How to do cumulative unique count with R and dplyr
Couple of days ago I had to find a way to visualize in R cumulative number of unique customers over period of time. Having data with dates and customer ids ready I felt pretty confident that I will finish the task in seconds and most of the time will be eaten by loading tidyverse package. Damn I could have felt the coffee break LOOMING behind my screen.
Little did I know back then but apparently there is no function yet to do just that one task. I am always a bit shocked or/and sad when I am not able to do a task with purrr dplyr and this seemed like a case.
So checked cumstats…. none.
Maybe TTR?…… none.
…Plyr?
DataTable? Probably, but I want to keep code sort of in one format.

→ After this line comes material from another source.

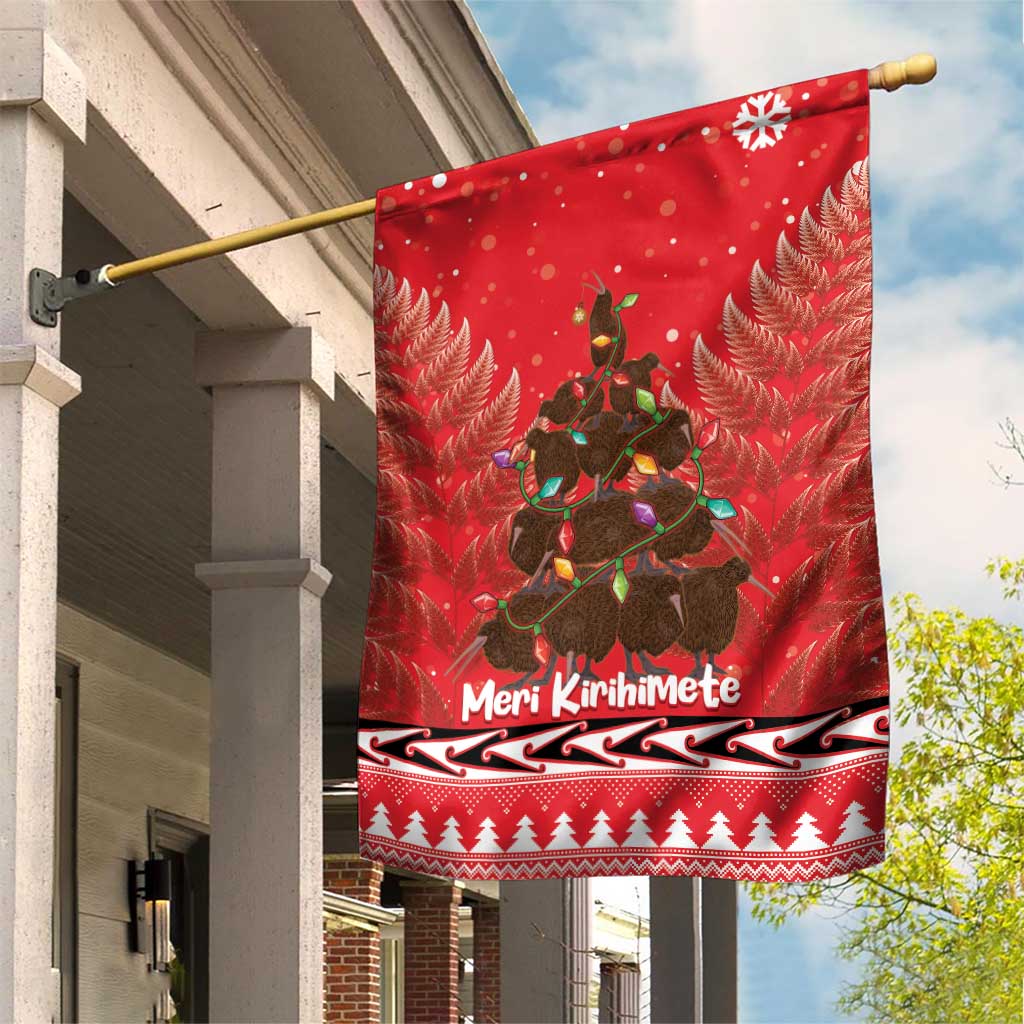 Kiwi New Zealand Christmas Garden Flag Meri Kirihimete Silver Fern - Red Color LT14 House Flag Red - Polynesian Pride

All of a sudden instead LOOMING break I was facing a danger of me LOOPING the data. Which is dreadful.
I searched and then I searched, then I tried some things and then tried some more. At the end of the day (not literally, it did not take me so much time…) I got result which satisfied my needs:
This is the solution with minimal example:
suppressPackageStartupMessages(library(tidyverse))
df <- tibble(
item = c(1,2,3,4,5,6,1,2,3,7,4,8,9),
day = c(1,1,1,1,1,1,2,2,2,2,3,3,3)
)
df
## # A tibble: 13 x 2
## item day
## <dbl> <dbl>
## 1 1 1
## 2 2 1
## 3 3 1
## 4 4 1
## 5 5 1
## 6 6 1
## 7 1 2
## 8 2 2
## 9 3 2
## 10 7 2
## 11 4 3
## 12 8 3
## 13 9 3
Dataset has date-alike column (day number) and unique item id which we want to accumulate, first we need to group-nest ids over date (I have no clue how well or badly it scales…).

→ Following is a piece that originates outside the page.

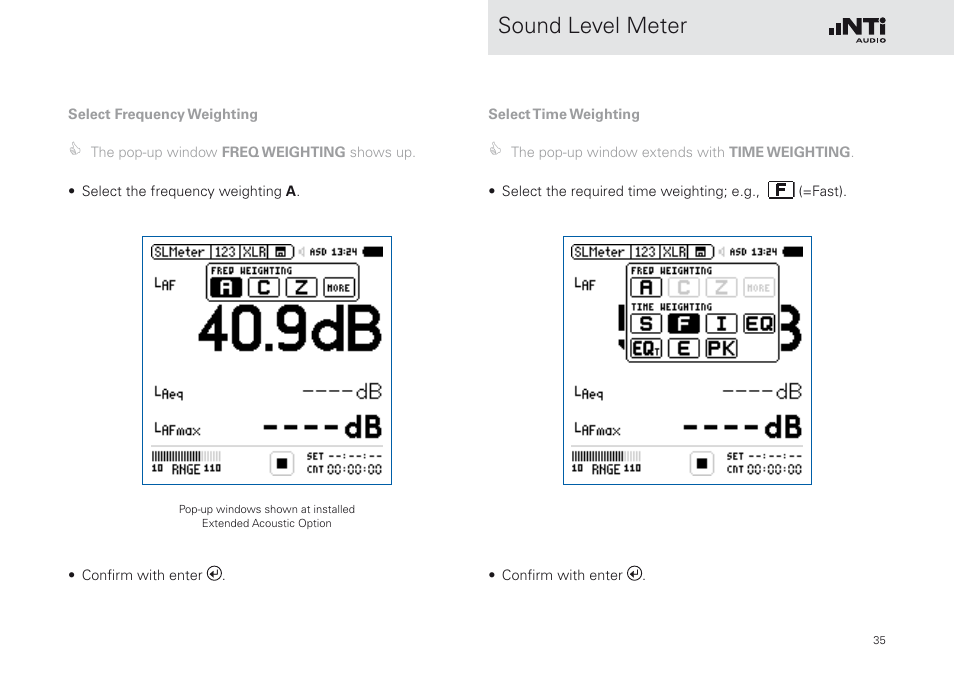 Sound level meter | NTi Audio XL2 Sound Level Meter User Manual | Page 35 / 240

suppressPackageStartupMessages(library(tidyverse))
stage <- df %>%
group_by(day) %>%
summarise(item = list(unique(item)))
stage
## # A tibble: 3 x 2
## day item
## <dbl> <list>
## 1 1 <dbl [6]>
## 2 2 <dbl [4]>
## 3 3 <dbl [3]>
Then map function written below…
cumulative_n_distinct = function(x){
require(purrr)
require(dplyr)
y <- x %>%
accumulate(append) %>%
map(.,n_distinct) %>%
as.numeric
return(y)
}
..to our nested dataset:
stage %>%
mutate(n_uniqe_cum = cumulative_n_distinct(item)) %>%
select(day, n_uniqe_cum)
## # A tibble: 3 x 2
## day n_uniqe_cum
## <dbl> <dbl>
## 1 1 6
## 2 2 7
## 3 3 9
Voila!
Take in mind that this example is quite minimal and my task also wasn’t including very big dataset (around 1000 customers). Still feel free to copy-paste, leave a comment or maybe improve the solution!
Cheers